On Fri, 15 May 2020 at 19:33, Daniel Vetter <daniel@...ll.ch> wrote:
>
> On Fri, May 15, 2020 at 02:07:06PM +0900, David Stevens wrote:
> > On Thu, May 14, 2020 at 9:30 PM Daniel Vetter <daniel@...ll.ch> wrote:
> > > On Thu, May 14, 2020 at 05:19:40PM +0900, David Stevens wrote:
> > > > Sorry for the duplicate reply, didn't notice this until now.
> > > >
> > > > > Just storing
> > > > > the uuid should be doable (assuming this doesn't change during the
> > > > > lifetime of the buffer), so no need for a callback.
> > > >
> > > > Directly storing the uuid doesn't work that well because of
> > > > synchronization issues. The uuid needs to be shared between multiple
> > > > virtio devices with independent command streams, so to prevent races
> > > > between importing and exporting, the exporting driver can't share the
> > > > uuid with other drivers until it knows that the device has finished
> > > > registering the uuid. That requires a round trip to and then back from
> > > > the device. Using a callback allows the latency from that round trip
> > > > registration to be hidden.
> > >
> > > Uh, that means you actually do something and there's locking involved.

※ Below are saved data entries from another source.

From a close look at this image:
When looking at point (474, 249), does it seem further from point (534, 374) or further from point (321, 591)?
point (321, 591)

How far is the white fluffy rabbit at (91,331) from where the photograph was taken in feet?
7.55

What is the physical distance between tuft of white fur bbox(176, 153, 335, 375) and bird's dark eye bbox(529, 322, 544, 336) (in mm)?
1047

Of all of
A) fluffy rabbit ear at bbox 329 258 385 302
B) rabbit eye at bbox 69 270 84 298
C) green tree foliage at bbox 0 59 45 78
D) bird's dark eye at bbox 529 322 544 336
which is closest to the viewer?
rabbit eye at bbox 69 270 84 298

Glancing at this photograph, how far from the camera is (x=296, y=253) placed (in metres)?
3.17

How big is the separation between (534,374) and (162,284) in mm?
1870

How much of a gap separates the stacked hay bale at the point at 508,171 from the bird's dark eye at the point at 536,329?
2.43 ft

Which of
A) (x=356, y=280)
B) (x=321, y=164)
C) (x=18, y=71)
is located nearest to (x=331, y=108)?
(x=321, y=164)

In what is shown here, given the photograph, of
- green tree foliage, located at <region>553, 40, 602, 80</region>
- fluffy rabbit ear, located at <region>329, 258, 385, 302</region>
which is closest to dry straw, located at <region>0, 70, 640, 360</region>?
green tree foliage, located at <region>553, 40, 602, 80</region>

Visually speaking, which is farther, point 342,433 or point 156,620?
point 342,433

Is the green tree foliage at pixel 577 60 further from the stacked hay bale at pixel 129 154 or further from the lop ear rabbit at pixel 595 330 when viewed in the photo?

> > > Makes stuff more complicated, invariant attributes are a lot easier
> > > generally. Registering that uuid just always doesn't work, and blocking
> > > when you're exporting?
> >
> > Registering the id at creation and blocking in gem export is feasible,
> > but it doesn't work well for systems with a centralized buffer
> > allocator that doesn't support batch allocations (e.g. gralloc). In
> > such a system, the round trip latency would almost certainly be
> > included in the buffer allocation time. At least on the system I'm
> > working on, I suspect that would add 10s of milliseconds of startup
> > latency to video pipelines (although I haven't benchmarked the
> > difference). Doing the blocking as late as possible means most or all
> > of the latency can be hidden behind other pipeline setup work.
> >
> > In terms of complexity, I think the synchronization would be basically
> > the same in either approach, just in different locations. All it would
> > do is alleviate the need for a callback to fetch the UUID.
>
I think I agree with Daniel there - this seems best suited for code
within virtio.

> Hm ok. I guess if we go with the older patch, where this all is a lot more
> just code in virtio, doing an extra function to allocate the uuid sounds
> fine. Then synchronization is entirely up to the virtio subsystem and not
> a dma-buf problem (and hence not mine). You can use dma_resv_lock or so,
> but no need to. But with callbacks potentially going both ways things
> always get a bit interesting wrt locking - this is what makes peer2peer
> dma-buf so painful right now. Hence I'd like to avoid that if needed, at
> least at the dma-buf level. virtio code I don't mind what you do there :-)
>
> Cheers, Daniel
> --
> Daniel Vetter
> Software Engineer, Intel Corporation
> http://blog.ffwll.ch

Best,
Sumit.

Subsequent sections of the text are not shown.